**Task statement**:
Please make an exact transcription of all the data that follows.

-- Data provided follows --

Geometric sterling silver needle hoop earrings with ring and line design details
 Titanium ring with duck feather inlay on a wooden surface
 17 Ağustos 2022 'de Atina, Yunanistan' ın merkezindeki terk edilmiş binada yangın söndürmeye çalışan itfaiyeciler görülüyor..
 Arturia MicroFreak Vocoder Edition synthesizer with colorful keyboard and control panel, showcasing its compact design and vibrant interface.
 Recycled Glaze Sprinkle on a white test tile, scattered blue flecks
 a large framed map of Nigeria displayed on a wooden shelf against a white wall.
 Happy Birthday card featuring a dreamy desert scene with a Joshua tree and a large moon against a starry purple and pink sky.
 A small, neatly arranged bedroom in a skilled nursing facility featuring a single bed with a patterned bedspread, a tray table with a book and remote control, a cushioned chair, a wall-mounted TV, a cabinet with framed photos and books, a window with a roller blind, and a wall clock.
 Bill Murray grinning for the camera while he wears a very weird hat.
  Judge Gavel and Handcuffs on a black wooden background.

-- Data provided concluded --

**Reply to the exercise**:
Geometric sterling silver needle hoop earrings with ring and line design details
 Titanium ring with duck feather inlay on a wooden surface
 17 Ağustos 2022 'de Atina, Yunanistan' ın merkezindeki terk edilmiş binada yangın söndürmeye çalışan itfaiyeciler görülüyor..
 Arturia MicroFreak Vocoder Edition synthesizer with colorful keyboard and control panel, showcasing its compact design and vibrant interface.
 Recycled Glaze Sprinkle on a white test tile, scattered blue flecks
 a large framed map of Nigeria displayed on a wooden shelf against a white wall.
 Happy Birthday card featuring a dreamy desert scene with a Joshua tree and a large moon against a starry purple and pink sky.
 A small, neatly arranged bedroom in a skilled nursing facility featuring a single bed with a patterned bedspread, a tray table with a book and remote control, a cushioned chair, a wall-mounted TV, a cabinet with framed photos and books, a window with a roller blind, and a wall clock.
 Bill Murray grinning for the camera while he wears a very weird hat.
  Judge Gavel and Handcuffs on a black wooden background.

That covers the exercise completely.